ECJ asked Google to delete “inadequate, irrelevant or no longer relevant” data from its search results, when a member of the public requests so. The ruling came to be known as the “right to be forgotten” and has been hence reinforced in data protection laws and regulations in the EU, including EU’s General Data Protection Regulation (GDPR).
GDPR’s Article 17 has outlined the circumstances under which EU citizens can exercise their right to be forgotten or right to erasure. The Article gives individuals the right to get personal data erased under six conditions, including withdrawal of consent to use data, or if data is no longer relevant for the purpose it was collected. However, the request may not be entertained in some situations such as if the request contradicts the right of freedom of expression and information, or when it goes against public interest in the area of public health, scientific or historical research or statistical purposes.
Indian draft bill
The B.N. Srikrishna Committee report has laid significant emphasis on obtaining the consent of an individual to process and use personal data. The committee said consent must be “informed”, “specific” and “clear”, and needs to be capable of being withdrawn as easily as it was given.

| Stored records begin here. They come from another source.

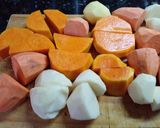 Foto del paso 1 de la receta: Caldo de verduras y sopa crema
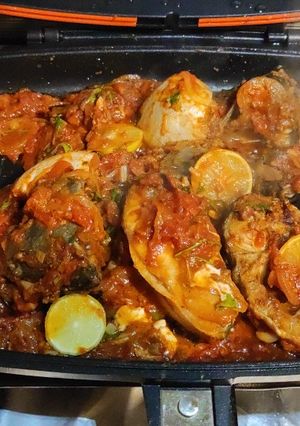 صورة لوصفة اطعم سمك بالصلصة على الطاسة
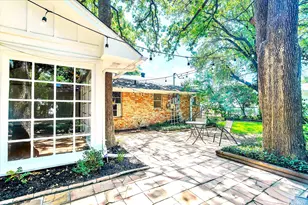 721 Fouts Dr, Irving, TX 75061 - Photo 8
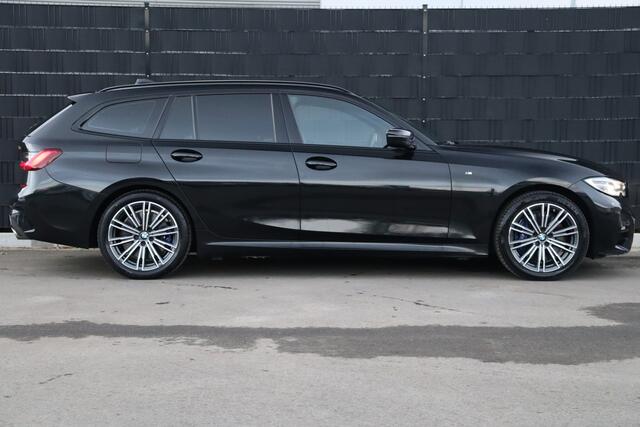BMW 3-SERIE Touring 330e M-Sport 292pk PHEV | Adap. Cruise | Carplay | Stoelverwarming | Sfeerverlichting | Navigatie | DAB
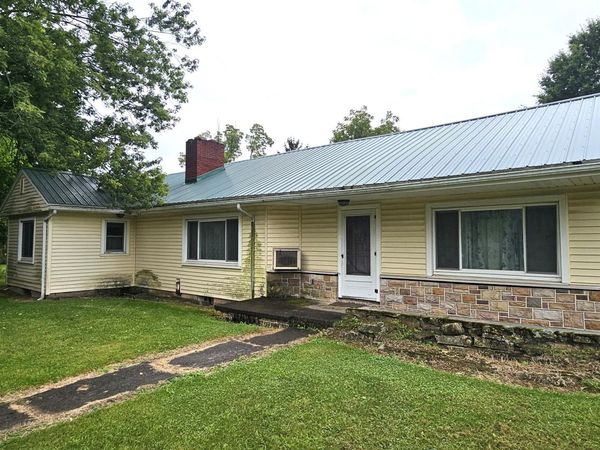 14 MILL Road, Laurelton, PA 17835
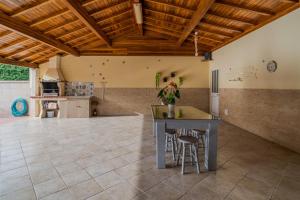 Casa Maria - Paraíso Rural的开放式厨房配有桌子和凳子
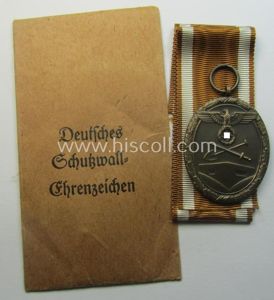 Medal-set: 'Deutsches Schutzwall Ehrenzeichen' (aka: 'Westwall'-medal) being a (typical) non-maker-marked- …
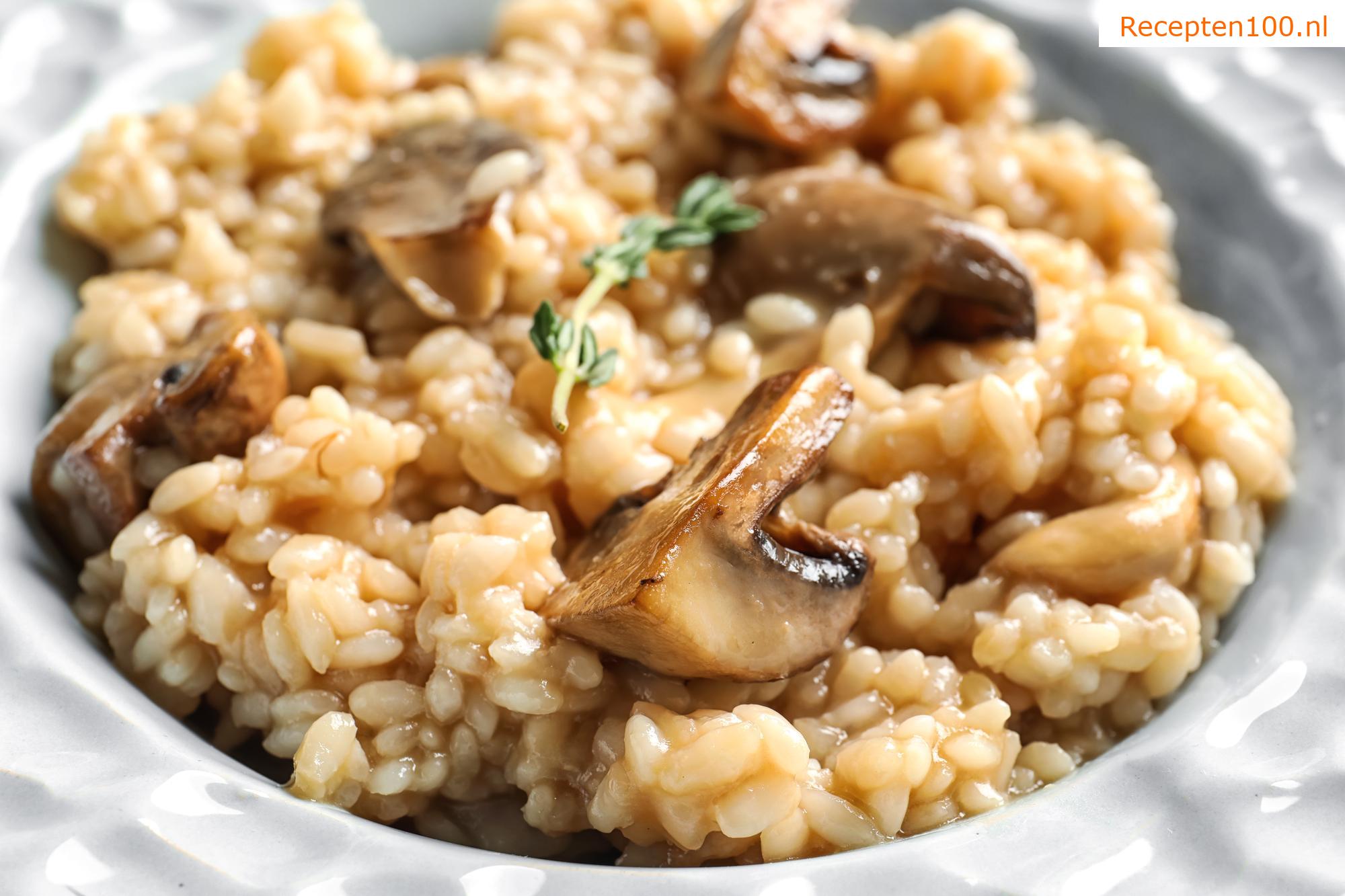 Risotto met courgette en champignons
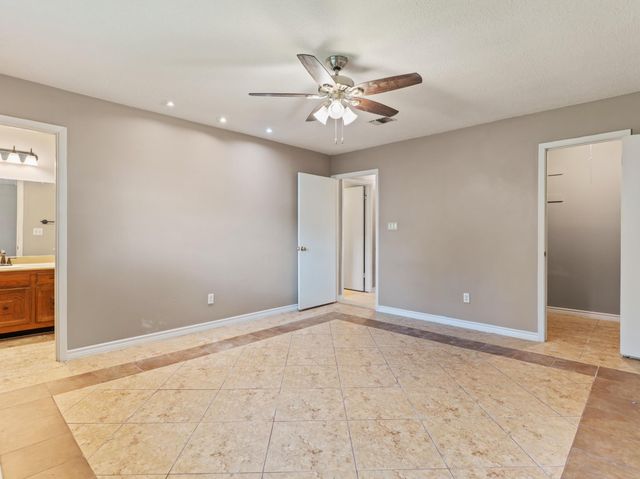 2208 Gontier Drive, Bay City, TX 77414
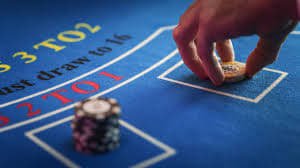 Permainan slot Diamond Empire di kingbet189 dengan simbol berlian dan mahkota emas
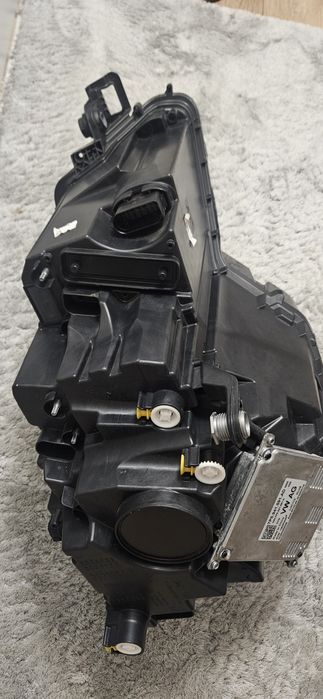 SKODA KAROQ Lampa Full Led Lewa Przód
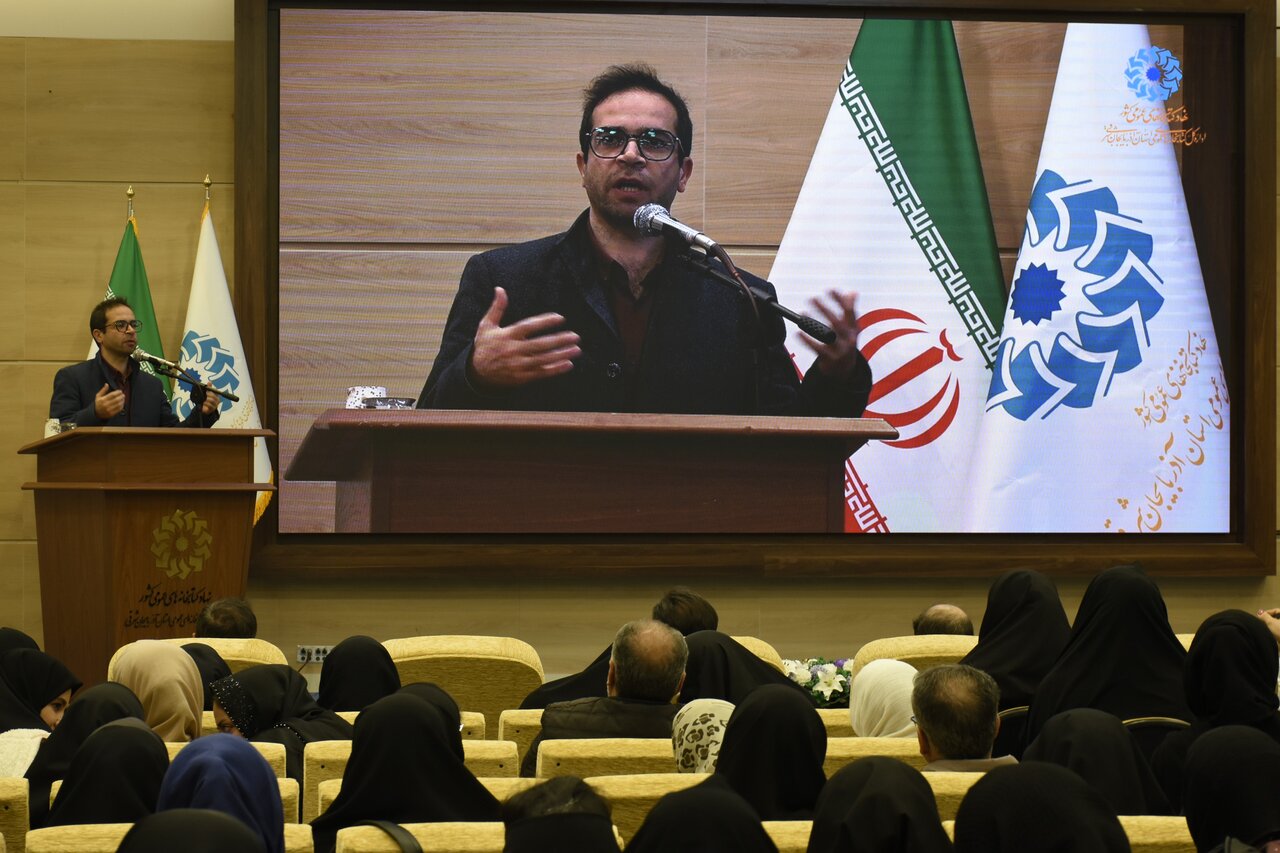 کتابخانه، به عنوان بارزترین جلوه نهاد علم در ایران، ارزش، نظم و رابطه اجتماعی تولید میکند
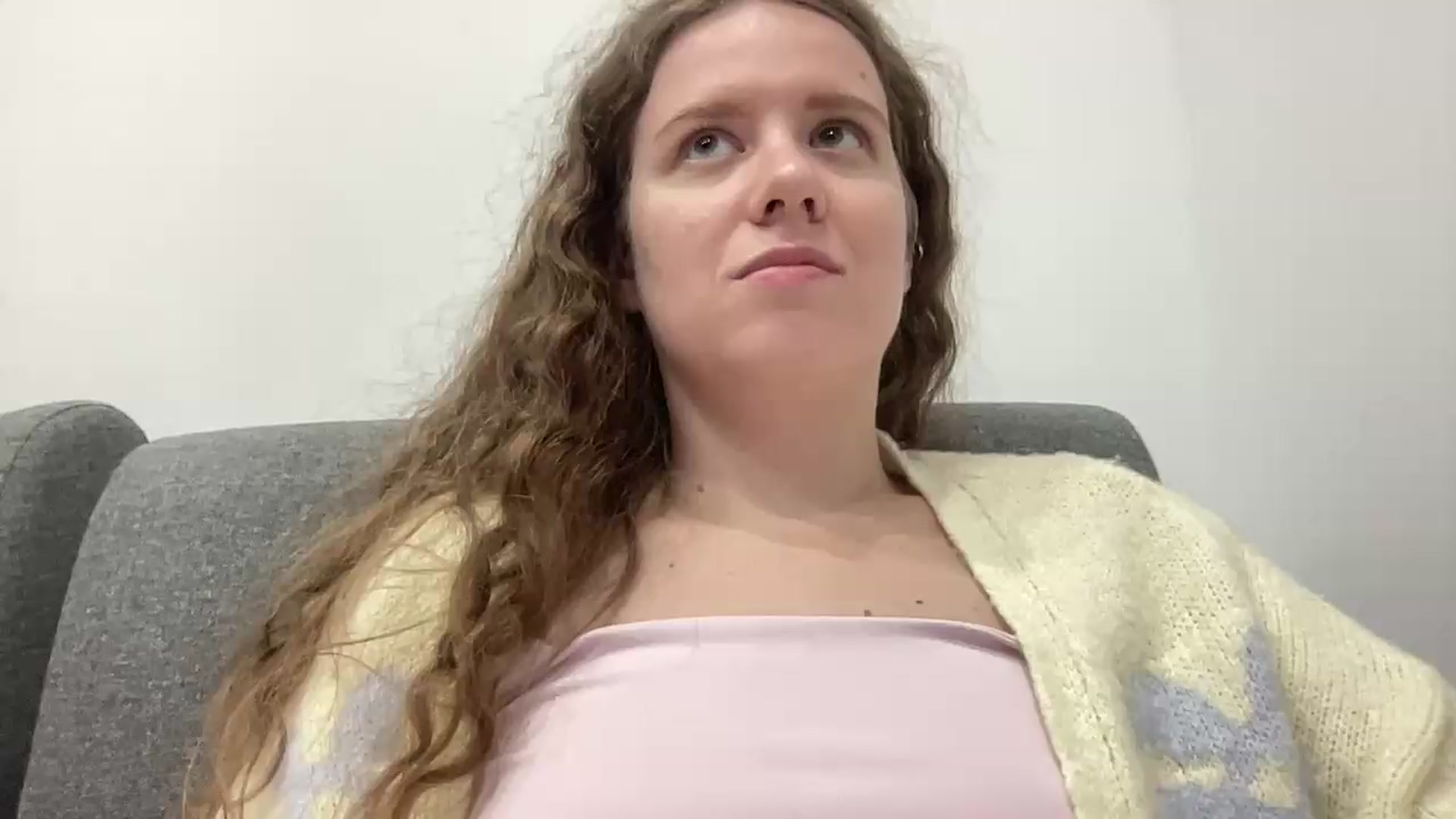 Gallery image thumbnail from BlueFlowerr's myfreecams stream on, 08/18/2026, 22:14 image 10 of 20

The draft Personal Data Protection Bill, 2018, has a section on the Right to be Forgotten. But the proposed bill does not provide right to erasure.
Section 27 of the bill has listed out three scenarios in which an individual will have the “right to restrict or prevent continuing disclosure of personal data” or the right to be forgotten, in a sense. This will be applicable if data disclosure is no longer necessary, the consent to use data has been withdrawn or if data is being used contrary to the provisions of the law. An adjudicating officer will have to determine the applicability of one of the three scenarios. The officer will also have to determine that the right of the individual to restrict use of her data over-rides the right to freedom of speech or right to information of any other citizen.
While there is no absolute right to erasure of data in the proposed law, remember that the bill will be going through a parliamentary process of discussion and approval before it becomes law, and changes might be brought in.